Home / Project Briefing Pages / CNI Spring 2008 Project Briefings / Streaming from the Institutional Repository

April 7, 2008

Geneva Henry
Executive Director, Digital Library Initiative
Rice University

Diane C. Butler
Manager, Enterprise Systems and Applications
Rice University

 

Institutional repositories (IRs) were originally intended for archiving faculty publications, assuming a print model that generally equaled a journal article. With time, however, IRs have grown to support a greater breadth of materials that represent the intellectual output of a research university. Music schools with an emphasis on performance can generate many, many hours of music from faculty and student recitals that serve much the same purpose as does a publication for a faculty member in science, engineering or the humanities. Scholarly video created by faculty and students as well as video of speeches given at the institution by famous visitors are also materials that can be managed by the IR.

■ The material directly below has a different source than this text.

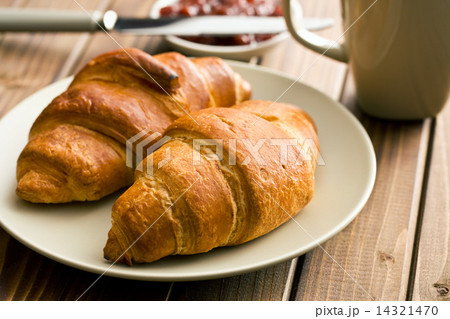 two croissants on wooden table two croissants on wooden table 14321470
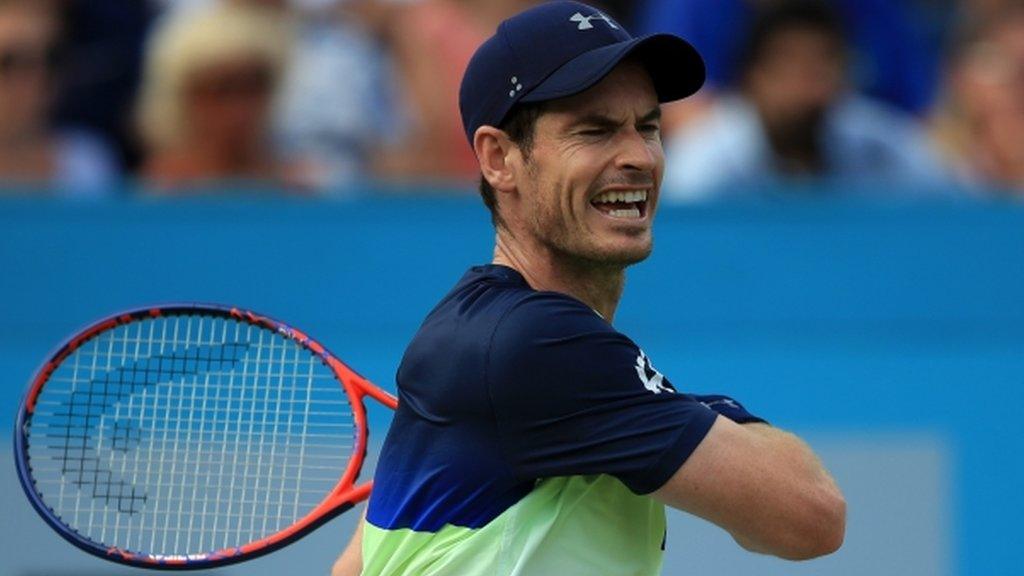 Andy Murray plays a shot during his defeat by Nick Kyrgios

One of the challenges, however, is the ability to efficiently deliver these kinds of materials to users directly from the IR without requiring significant bandwidth for downloading. Audio and video streaming servers are designed to handle these types of interactions, providing users with flexible tools that allow them to move easily through various parts of the digital asset. At Rice University, a desire to manage these assets in the institutional repository so they would be sustained long term and be associated with a persistent identifier has led to the implementation of an approach for shared storage. An interface to the University’s DSpace repository allows multimedia files to be stored in a common Isilon clustered storage system, managed by DSpace and front-ended by streaming servers that have access to the same file for streamed delivery rather than full downloads. This method provides a highly scalable and efficient solution that can accommodate front-end servers to the repository as new technologies come along without compromising the integrity of the digital asset and its persistent identifier. Not only does this solution address a technical need for managing really large multimedia files, it has the advantage of building stronger collaborations across the campus as more groups are willing to trust their assets being managed by the Rice IR.

http://scholarship.rice.edu

Handout (PDF)

Presentation (PDF)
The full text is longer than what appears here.